Massachusetts author Anna Burke earned her degrees in English Literature and Studio Art from Smith College and now is working toward her MFA in Creative Writing at Emerson College. Her debut novel was the successful COMPASS ROSE, and now THORN continues to reinforce her stature as an important new author. 

Not only is Anna Burke in possession of a fine gift for writing in general, but also add to that her sensitivity to writing fantasy fiction in which the main characters are women. Anna knows how to write LGBT stories in such a style that the gender factor is purely additive and not the sole reason for the story. Yes, this is a lesbian-centric novel, a factor that enhances the action even more.

The synopsis outlines the plot well: ‘On a cold day deep in the heart of winter, Rowan’s father returns from an ill-fated hunting trip bearing a single, white rose.
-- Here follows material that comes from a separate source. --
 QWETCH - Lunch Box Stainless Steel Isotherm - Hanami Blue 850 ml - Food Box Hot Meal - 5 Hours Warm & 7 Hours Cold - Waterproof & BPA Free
The Huntress, a figure out of legend, follows the rose. Tall, cruel, and achingly beautiful, she brings Rowan back with her to a mountain fastness populated solely by the creatures of the hunt. Rowan, who once scorned the villagers for their superstitions, now finds herself at the heart of a curse with roots as deep as the mountains, ruled by an old magic that is as insidious as the touch of the winter rose. Torn between her family loyalties, her guilty relief at escaping her betrothal to the charming but arrogant Avery Lockland, and her complicated feelings for the Huntress, Rowan must find a way to break the curse before it destroys everything she loves. There is only one problem—if she can find a way to lift the curse, she will have to return to the life she left behind. And the only thing more unbearable than endless winter is facing a lifetime of springs without the Huntress.’

Very fine writing - a unique style of presentation and character development, the future of Anna Burke appears solidly assured. Recommended. 







Editor's note: This review has been published with the permission of Grady Harp. Like what you read? Subscribe to the SFRB's free daily email notice so you can be up-to-date on our latest articles. Scroll up this page to the sign-up field on your right.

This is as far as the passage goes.